The nation’s first new guidelines in a decade for preventing heart attacks and strokes call for twice as many Americans — one-third of all adults — to consider taking cholesterol-lowering statin drugs.
The guidelines, issued Tuesday by the American Heart Association and American College of Cardiology, are a big change. They offer doctors a new formula for estimating a patient’s risk that includes many factors besides a high cholesterol level, the main focus now. The formula includes age, gender, race and factors such as whether someone smokes.
The guidelines for the first time take aim at strokes, not just heart attacks. Partly because of that, they set a lower threshold for using medicines to reduce risk.
The definition of high cholesterol isn’t changing, but the treatment goal is. Instead of aiming for a specific number, using whatever drugs get a patient there, the advice stresses statins such as Lipitor and Zocor and identifies four groups of people they help the most.
“The emphasis is to try to treat more appropriately,” said Dr. Neil Stone, the Northwestern University doctor who headed the cholesterol guideline panel. “We’re going to give statins to those who are the most likely to benefit.”
Doctors say the new approach will limit how many people with low heart risks are put on statins simply because of a cholesterol number. Yet under the new advice, 33 million Americans — 44 percent of men and 22 percent of women — would meet the threshold to consider taking a statin.

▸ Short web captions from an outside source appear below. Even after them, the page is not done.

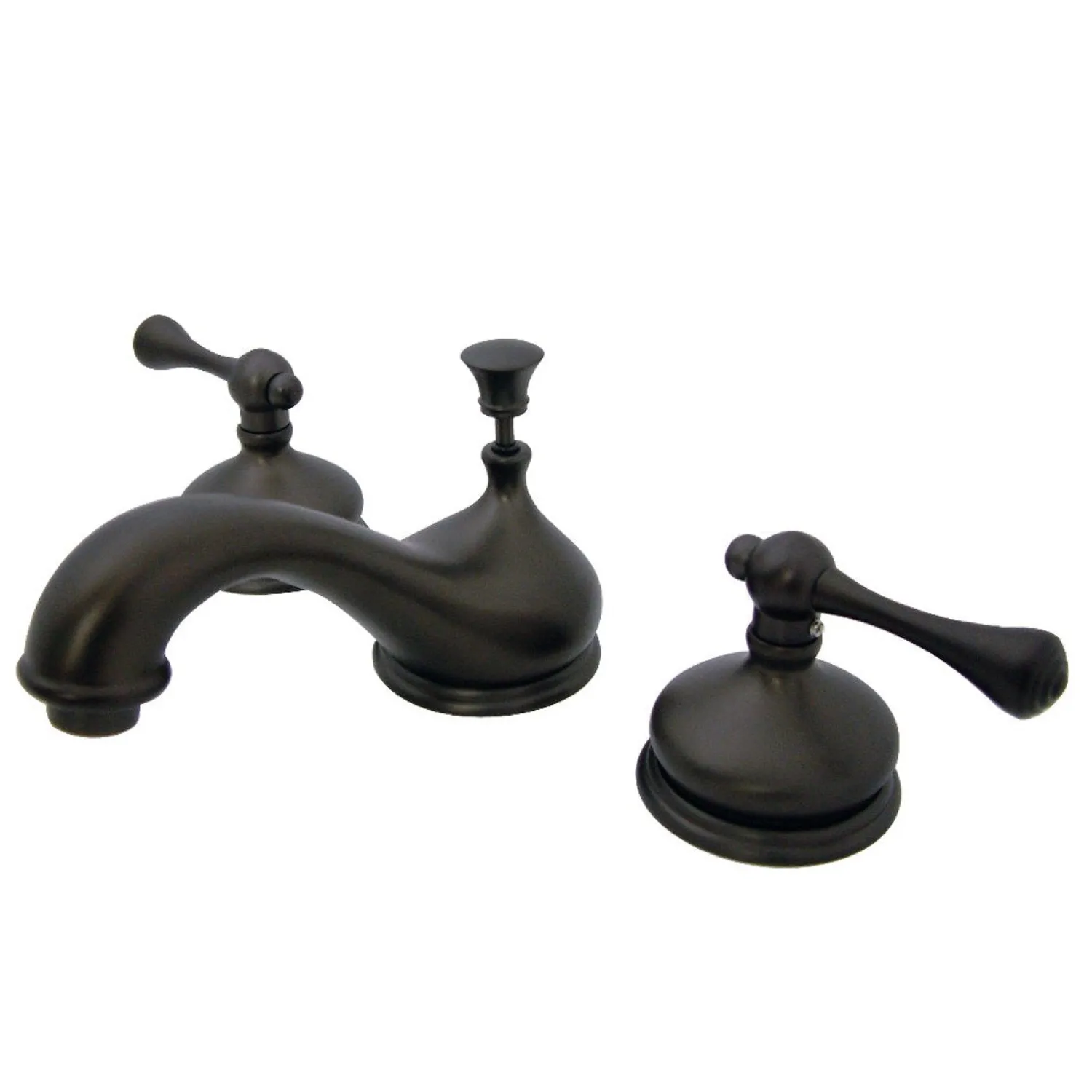 Sale Vintage Three-Hole 8" Widespread Bathroom Faucet 8" Widespread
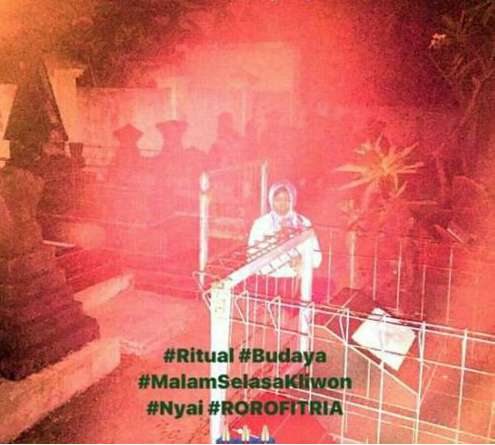 ritual selasa kliwon roro fitria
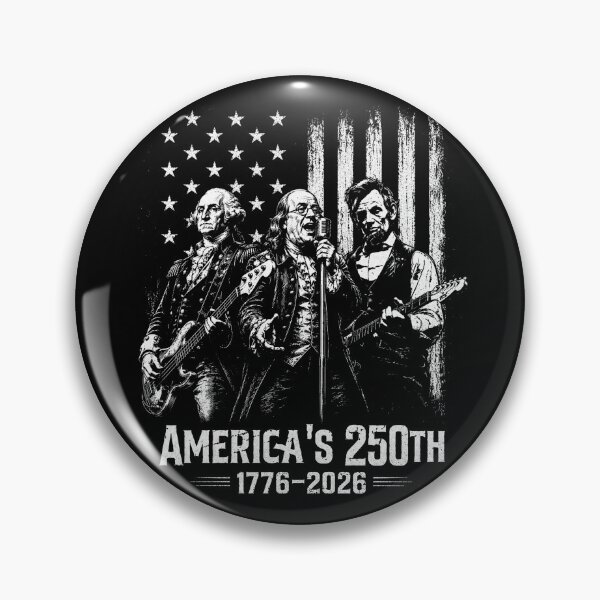 Item preview, Abraham Lincoln, George Washington and Benjamin Franklin Playing Guitar 250th designed and sold by will freed18.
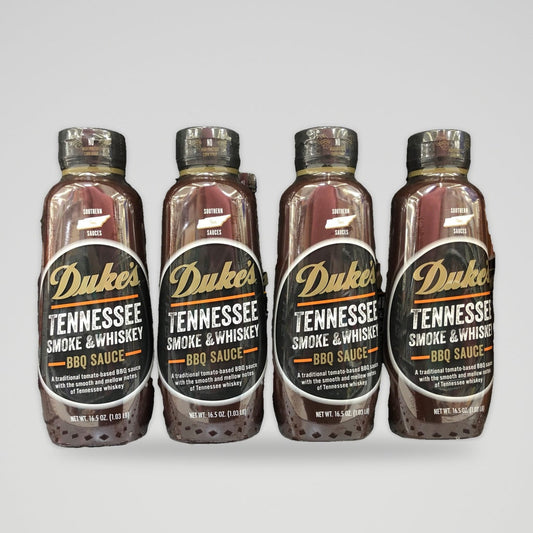 Duke's Tennessee Smoke & Whiskey BBQ Sauce, 16.5 oz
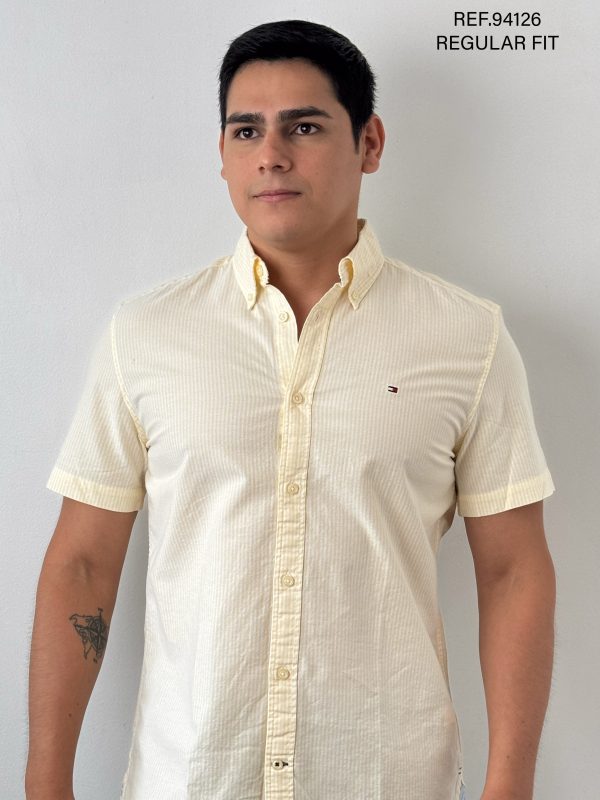 CAMISA MANGA CORTA TOMMY HILFIGER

Under the current guidelines, statins are recommended for only about 15 percent of adults.
“It will be controversial, there’s no question about it. For as long as I remember, we’ve told physicians and patients we should treat their cholesterol to certain goal levels,” said the Cleveland Clinic’s Dr. Steven Nissen. “There is concern that there will be a lot of confusion about what to do.”
The government’s National Heart, Lung and Blood Institute appointed expert panels to write the new guidelines in 2008, but in June said it would leave drafting them to the Heart Association and College of Cardiology.